Undeterred, the government, which had just a 3 percent stake in the bank based on its contribution to authorized share capital, has already injected 132 million Bangladesh takas into the bank to bring its state up to 25 percent and plans to add another Tk156 million to bring its stake up to 51 percent, an anonymous bureaucrat told local media in Dhaka.
"It is hard to think of a more glaring example of politicization gone haywire in the history of independent Bangladesh," wrote AKM Moinuddin & Shayan S. Khan in the Dhaka Courier. "What started, for all intents and purposes, as a personal vendetta against one man has now seemingly snowballed into a systematic dismantling of his legacy, and discrediting his life's work."
Yunus, then a Fullbright scholar and professor, founded the bank in 1983 in an effort to provide small loans, known as microcredit, to poor people with no access to financing. More than Bangladeshi 8.4 consumers, mostly extremely poor women, have taken advantage of the bank's loans, made on the theory that the poor have skills but need financing to put them to use.
The bank has been phenomenally successful, loaning more than US$11 billion to poor women, with a recovery rate of more than 95 percent. It has since expanded into a wide range of other successful businesses such as fabrics, telephony and energy. The microcredit phenomenon has since been expanded into many other countries. For example, the Asian Development Bank in 2005 expanded micro-lending to the Philippines via a loan to the government that, according to the ADB, has provided loans to 5.5 million people.
Yunus was forced to resign as founding managing director in 2011 by the Hasina government on the pretext of his age – over 60 years – despite the fact that private banks have no upper age limit to force retirement. He challenged the move in court but lost when the court ruled that the bank was a government institution and not a private bank owned by its lenders, as Yunus and his lawyers maintained. Although the government was successful in removing him from the bank, he continues to lead a number of sister organizations with the Grameen tag.

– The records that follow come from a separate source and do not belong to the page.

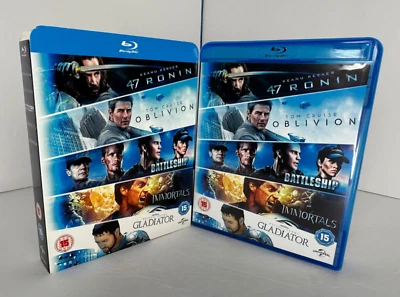 47 Ronin / Oblivion / Battleship / Immortals / Gladiator (Region Free Blu-Rays) - Image 1 of 4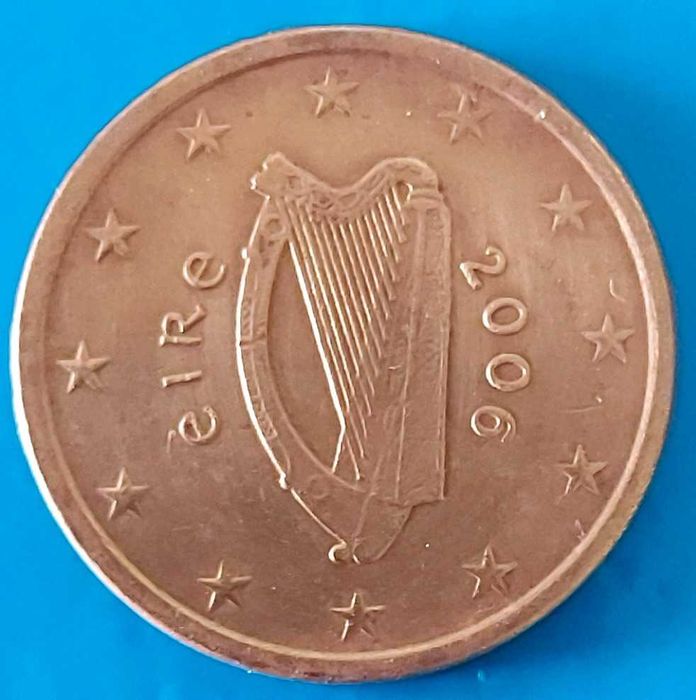 5 Cêntimos de 2006 de Irlanda, Harpa
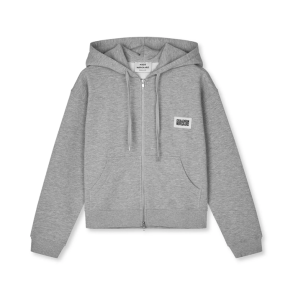 Standard bobo hood sweatshirt Mads N�rgaard, grey melange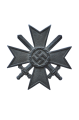 A War Merit Cross First Class with Swords marked 62 maker Kerbach & Österhelt, Dresden.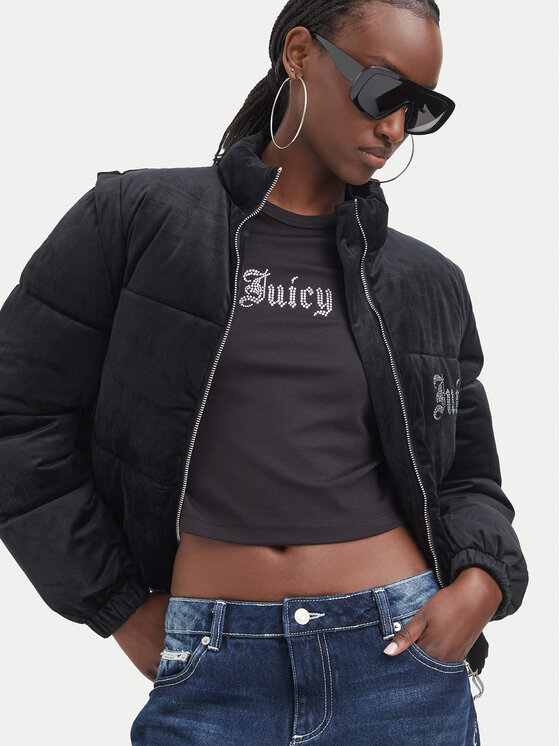 Juicy Couture Juicy Couture Žieminė striukė JCOGL226552 Juoda Regular Fit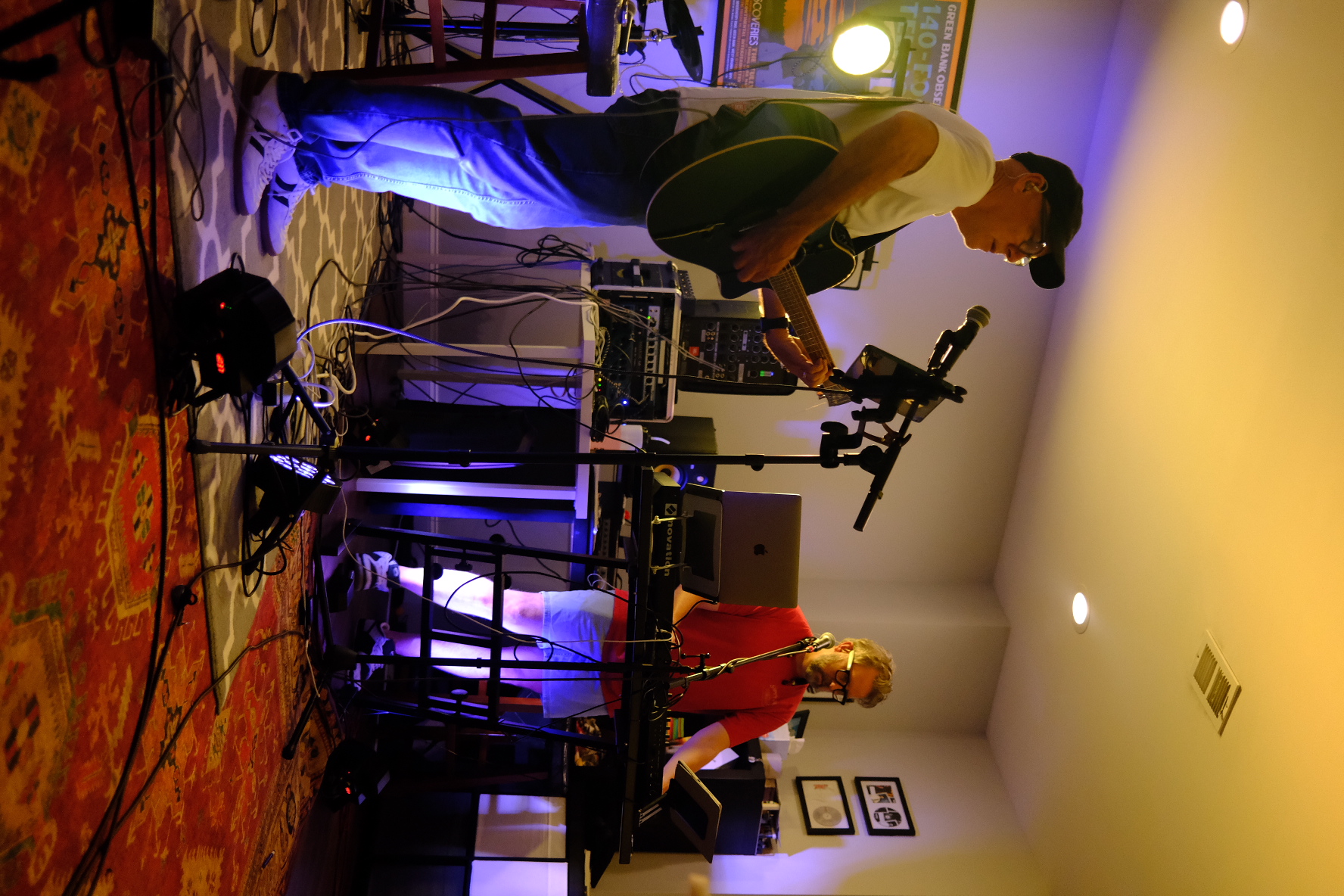 Band rehearsal session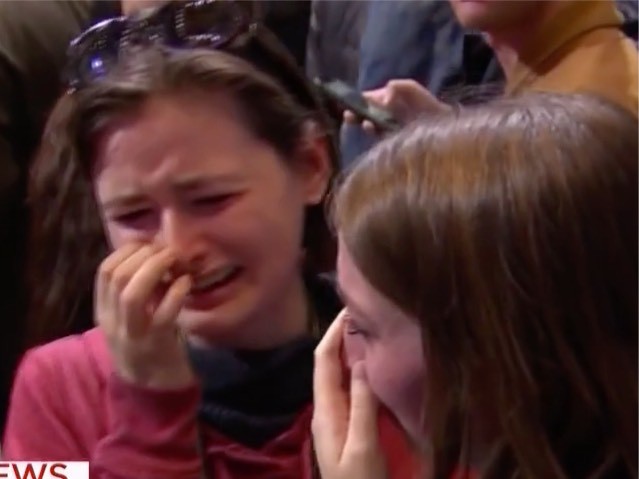 Crying Hillary Supporters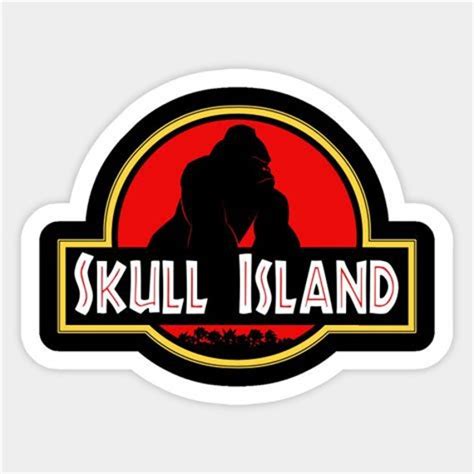 King Kong Skull Island Color Vinyl Decal Sticker | Etsy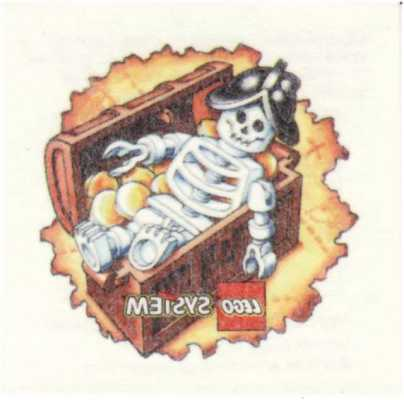 Tattoo (Temporary Body Print), Pirate Skeleton in Treasure Chest Pattern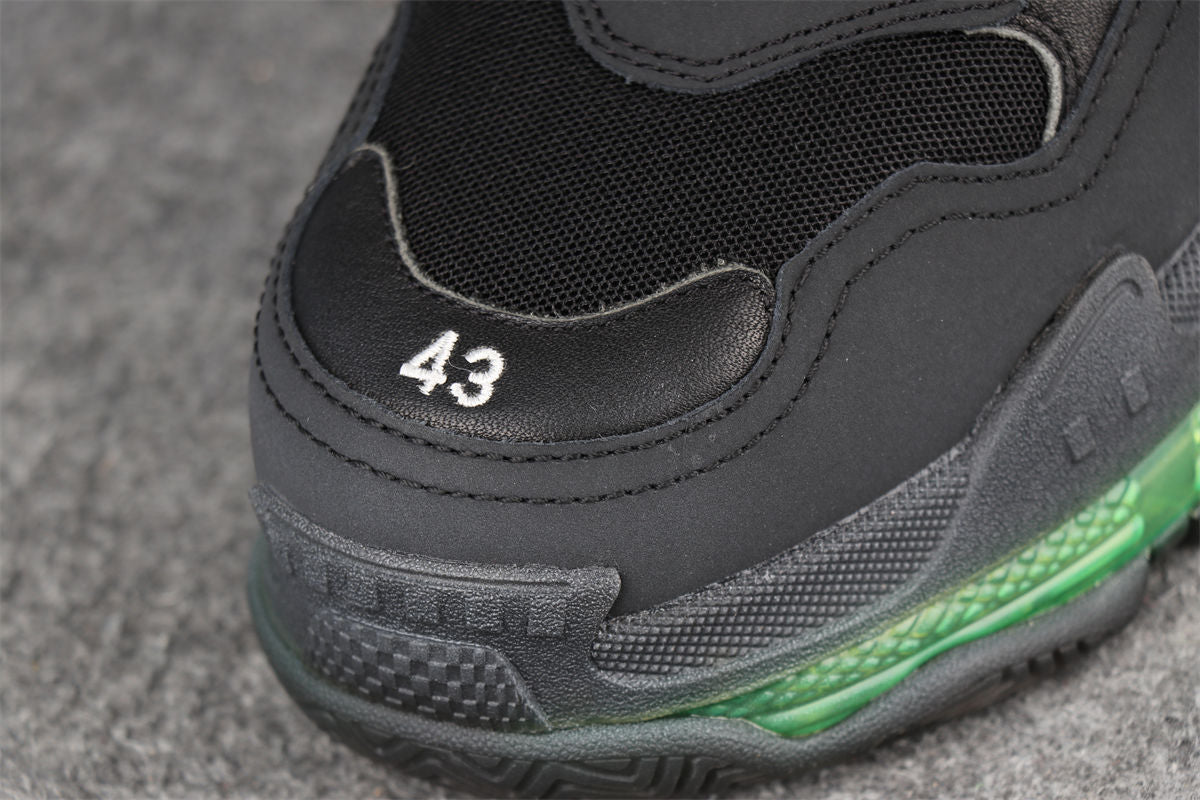 Wmns Triple S 'Black Yellow Fluo'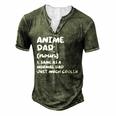 Anime Dad Definition Japanese For Women Men's Henley T-Shirt Green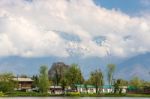 Lifestyle  Local Village Mountain Background  Along  The Border Stock Photo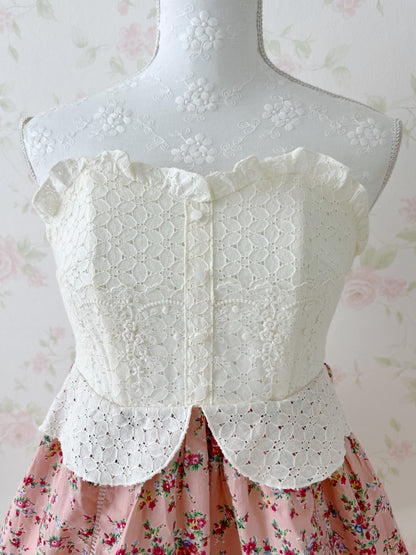 beberose Lace Bare Top Cotton Dress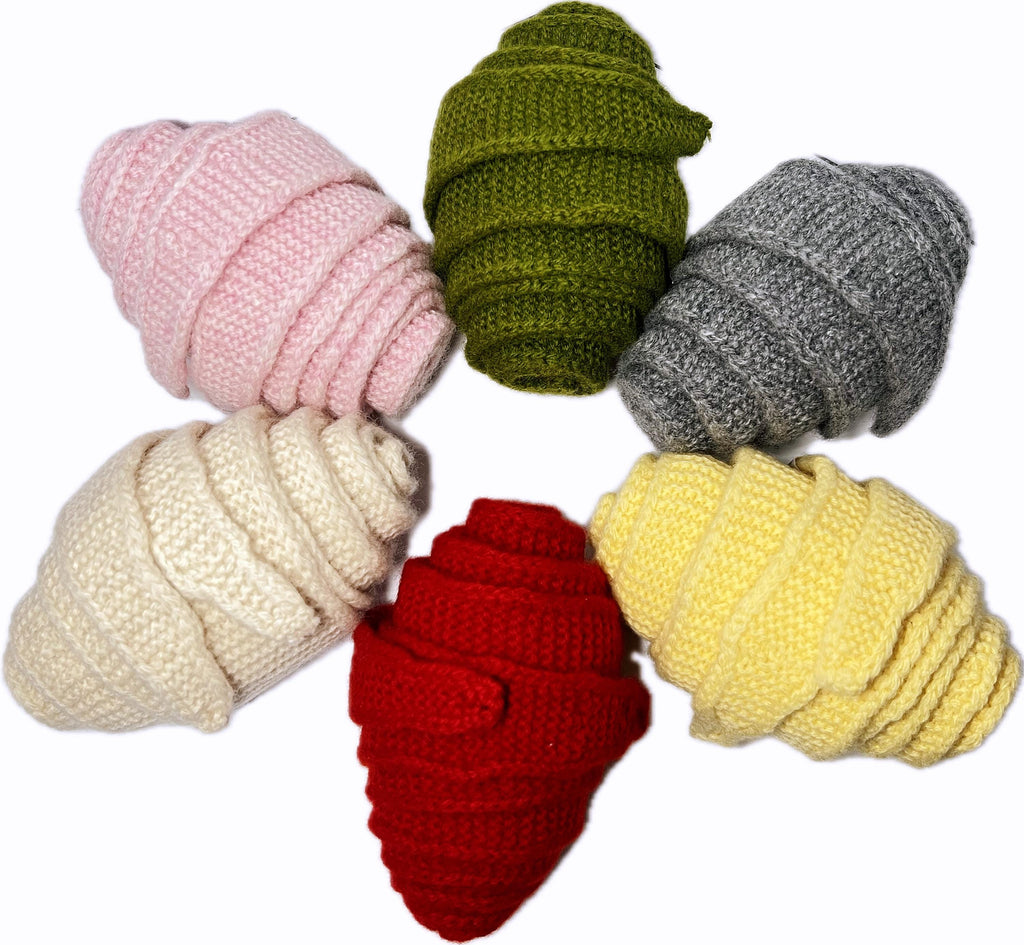Hand-Knit 100% Wool Skinny Scarf | Soft Lightweight Neckerchief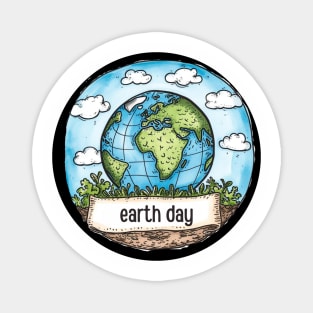 Earth day Magnet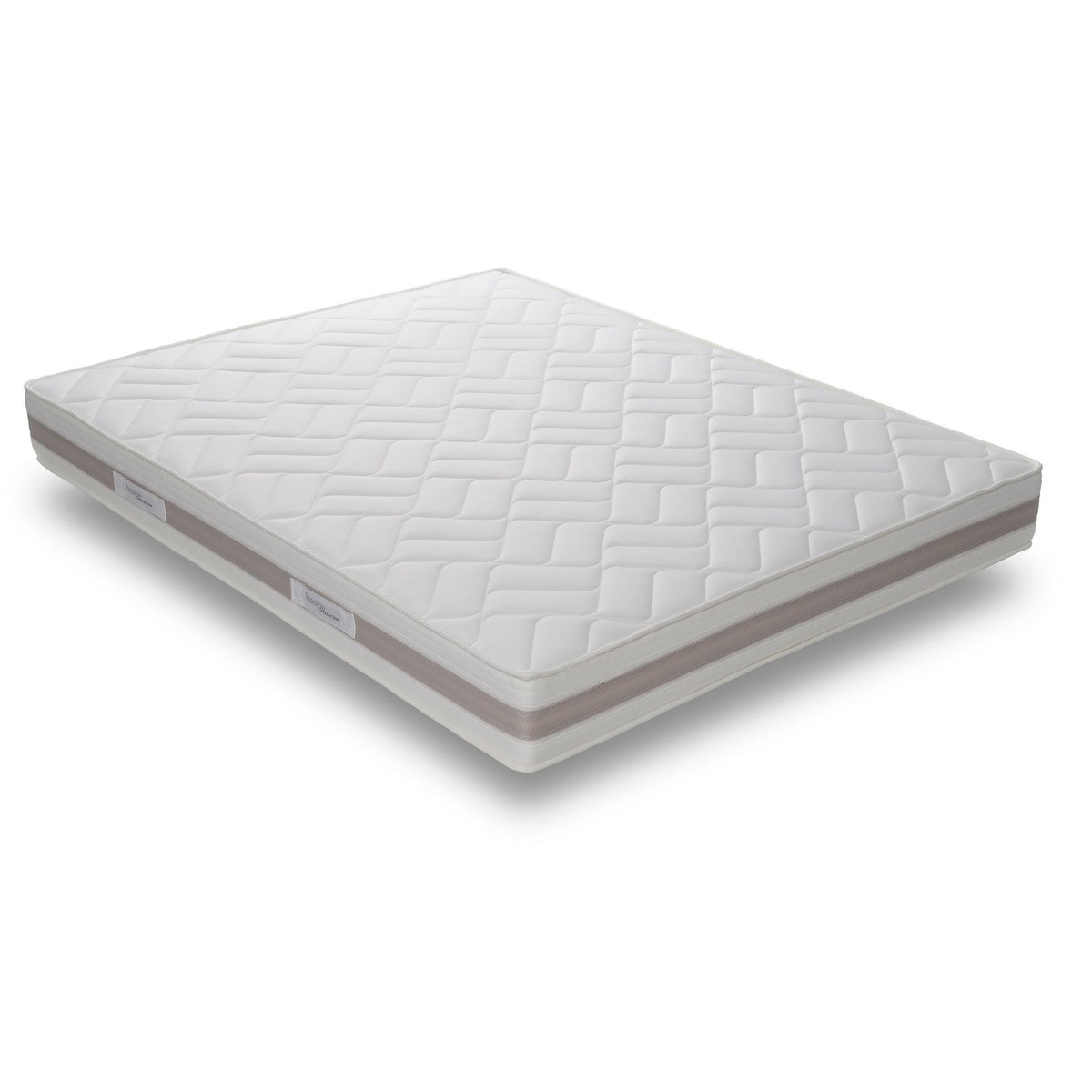 PRESTIGE Collection Ensemble matelas ressorts TEMPO GREY + sommier déco gris 140x190 cm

The recent controversy started when the government formed an inquiry commission last year to scrutinize the bank's legal status and financial transactions, with few probable changes envisioned in the functioning of the institution. Today, the clear implication is that that government representatives will take over policymaking, as in any other state-controlled industrial bank.
Under fire from the opposition, Finance Minister AMA Muhith told Parliament that the government has no intention to change Grameen Bank's structure.
Critics have had a field day pointing out that Bangladesh's government-managed banks are largely badly run and subject to high-level corruption.
"I cannot understand why the government has not formed a commission for nationalized banks, which are in terrible state, and is going after a bank that has won the Nobel Prize," wrote Kamrul Hassan, a Dhaka University professor. "This government had problems with Prof. Yunus, according to people's perceptions. Now that he is no more in the bank, the government should leave the Bank alone and let it function the way it was. If Grameen Bank is fragmented into 19 pieces, as suggested by the commission, what message would it send to the rest of the world? It will ultimately be the people of Bangladesh who will have to pay the price."
"The Central Bank of Bangladesh has never questioned the quality of the bank's management, rather it has praised it each year, Yunus told Asia Sentinel. "The borrowers have been pleased about the way the bank is run. Why has the inquiry commission all of a sudden come up with a bizarre proposal for replacing the bank's legal structure? Will the inquiry commission explain to the people of Bangladesh why a bank that operates with its citizens' own money surrender 51 percent or more of its shares to the government, knowing fully well that will be extremely risky, to say the least?"